RECORDED INFORMATION section start

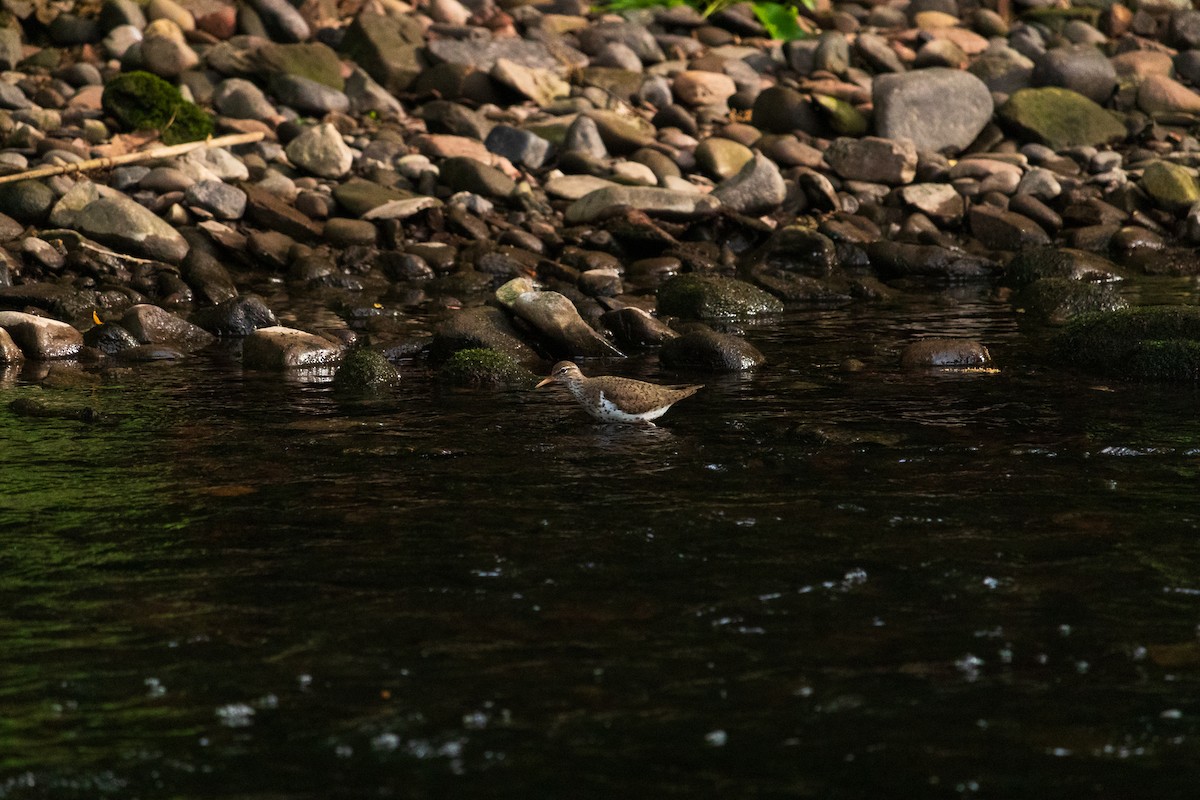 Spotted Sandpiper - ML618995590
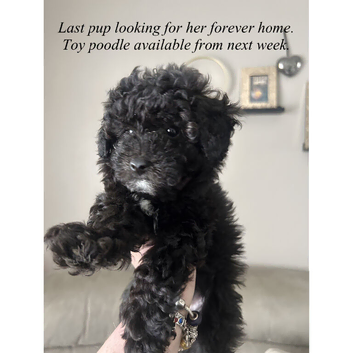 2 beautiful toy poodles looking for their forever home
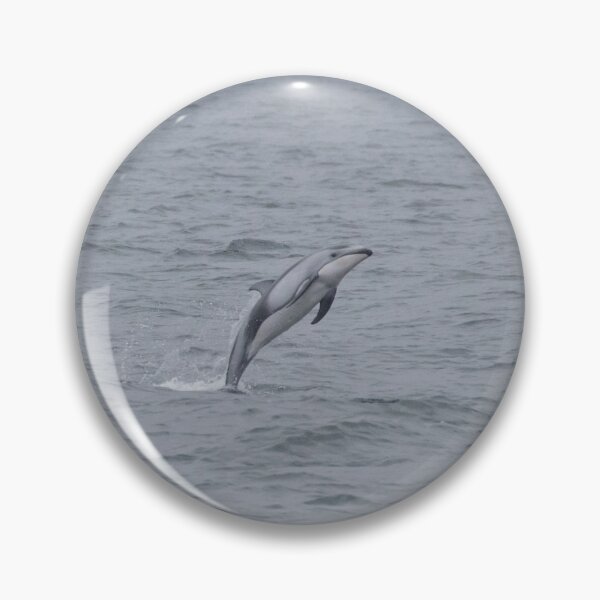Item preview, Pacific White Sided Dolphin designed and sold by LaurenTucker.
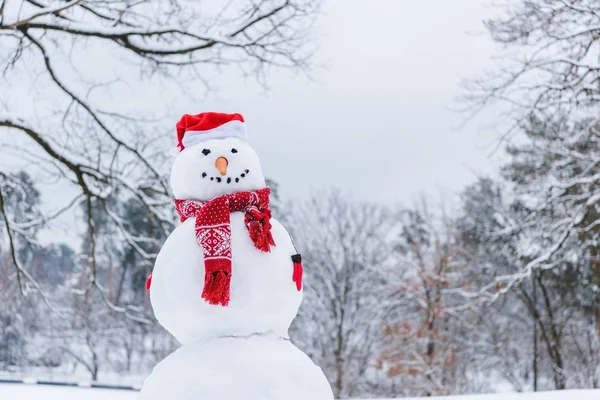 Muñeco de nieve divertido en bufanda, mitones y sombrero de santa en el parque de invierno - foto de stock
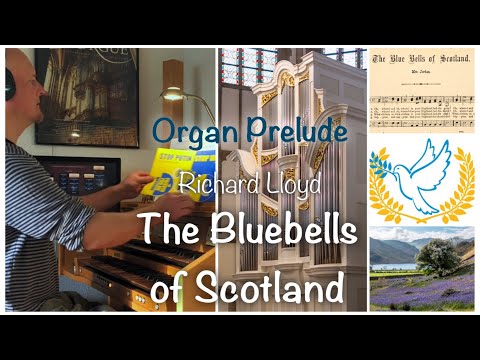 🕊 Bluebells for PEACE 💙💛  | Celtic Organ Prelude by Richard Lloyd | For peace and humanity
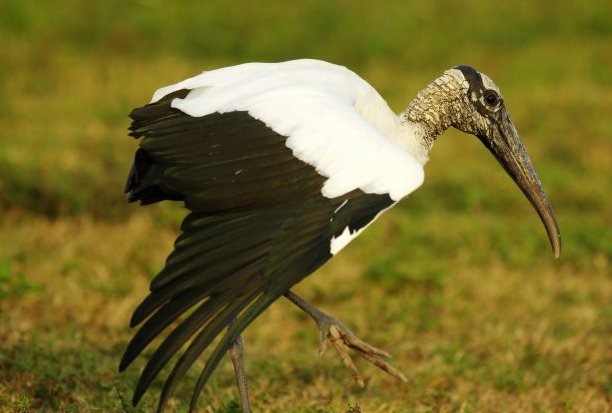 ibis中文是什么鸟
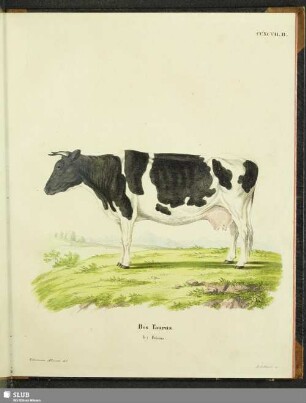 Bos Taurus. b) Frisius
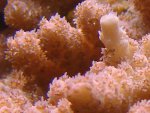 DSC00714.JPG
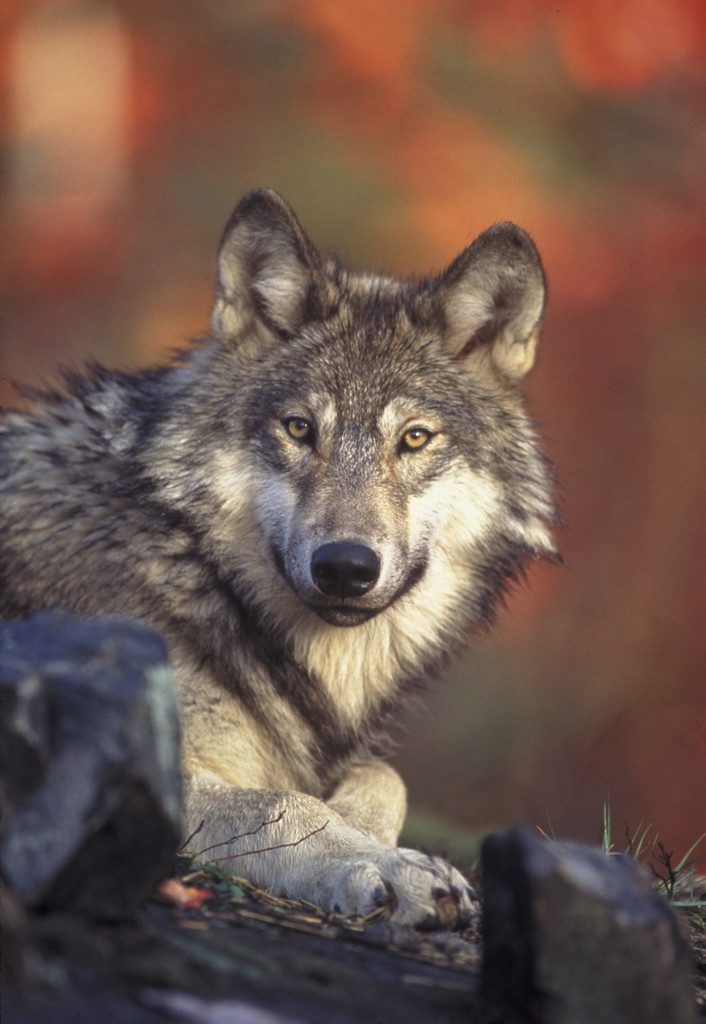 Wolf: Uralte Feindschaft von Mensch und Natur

RECORDED INFORMATION section end
RECORDED INFORMATION section start

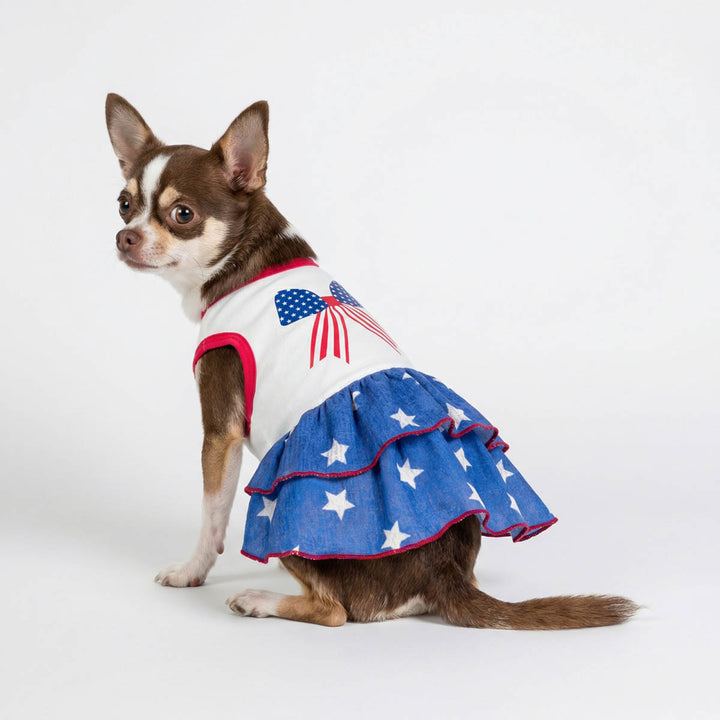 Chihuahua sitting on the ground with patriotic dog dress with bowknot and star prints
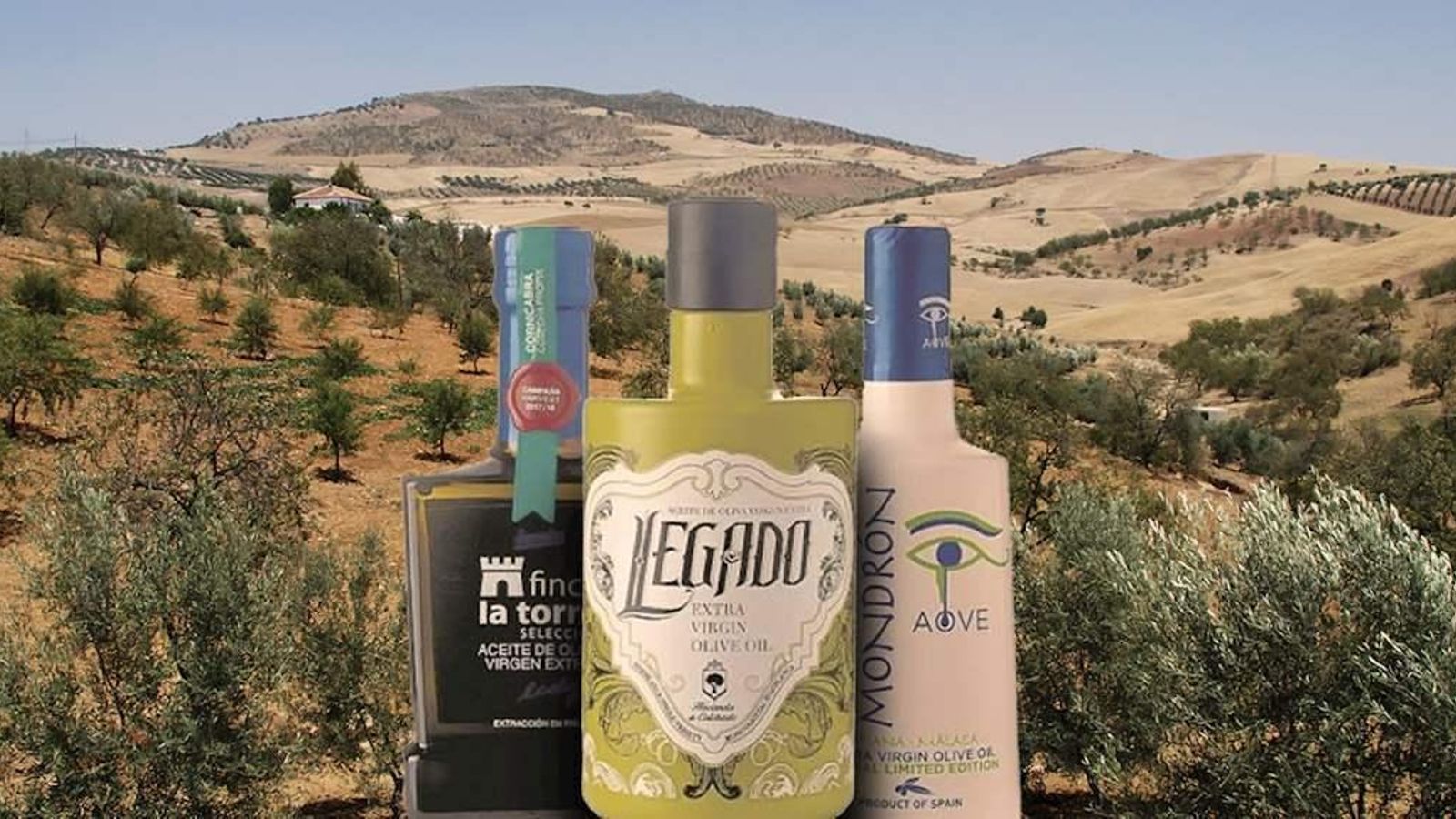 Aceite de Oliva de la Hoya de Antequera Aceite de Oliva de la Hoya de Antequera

RECORDED INFORMATION section end
RECORDED INFORMATION section start

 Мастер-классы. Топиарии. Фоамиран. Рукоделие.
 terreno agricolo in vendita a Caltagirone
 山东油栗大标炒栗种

RECORDED INFORMATION section end

WORK TO BE COMPLETED — Look back at the data above, then output exactly the lines from the line holding "Item preview, Pacific" up to and including the line holding "Wolf: Uralte Feindschaft". Leave out the pictures.

RESPONSE FOR THIS EXERCISE —
Item preview, Pacific White Sided Dolphin designed and sold by LaurenTucker.
 Muñeco de nieve divertido en bufanda, mitones y sombrero de santa en el parque de invierno - foto de stock
 🕊 Bluebells for PEACE 💙💛  | Celtic Organ Prelude by Richard Lloyd | For peace and humanity
 ibis中文是什么鸟
 Bos Taurus. b) Frisius
 DSC00714.JPG
 Wolf: Uralte Feindschaft von Mensch und Natur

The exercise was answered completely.